Class ProtoCoder<T extends com.google.protobuf.Message>

  • Type Parameters:
    T - the Protocol Buffers Message handled by this Coder.
    All Implemented Interfaces:
    java.io.Serializable
    Direct Known Subclasses:
    DynamicProtoCoder

    public class ProtoCoder<T extends com.google.protobuf.Message>
    extends org.apache.beam.sdk.coders.CustomCoder<T>
    A Coder using Google Protocol Buffers binary format. ProtoCoder supports both Protocol Buffers syntax versions 2 and 3.

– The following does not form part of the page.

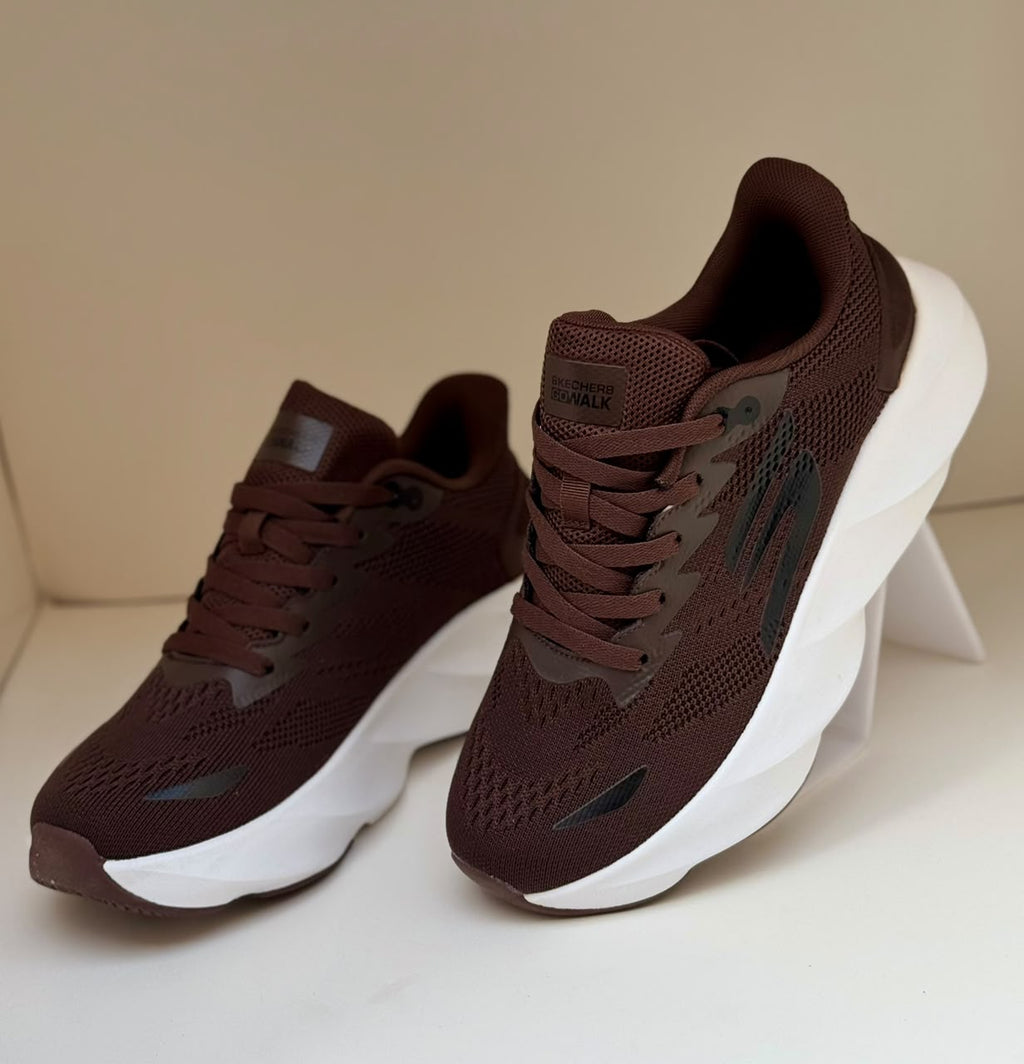 Brown Mesh Active Sneakers
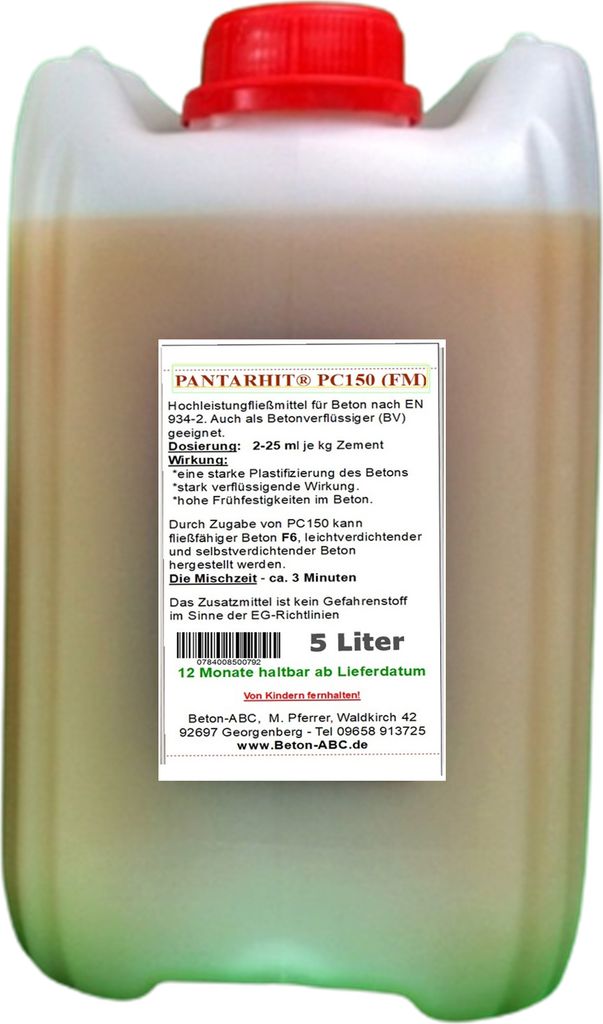 5 L Fließmittel / Hochleistungsfließmittel - Produktbild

    To learn more about Protocol Buffers, visit: https://developers.google.com/protocol-buffers

    ProtoCoder is registered in the global CoderRegistry as the default Coder for any Message object. Custom message extensions are also supported, but these extensions must be registered for a particular ProtoCoder instance and that instance must be registered on the PCollection that needs the extensions:

    
     import MyProtoFile;
     import MyProtoFile.MyMessage;
    
     Coder<MyMessage> coder = ProtoCoder.of(MyMessage.class).withExtensionsFrom(MyProtoFile.class);
     PCollection<MyMessage> records = input.apply(...).setCoder(coder);
     

    Versioning

    ProtoCoder supports both versions 2 and 3 of the Protocol Buffers syntax. However, the Java runtime version of the google.com.protobuf library must match exactly the version of protoc that was used to produce the JAR files containing the compiled .proto messages.

    For more information, see the Protocol Buffers documentation.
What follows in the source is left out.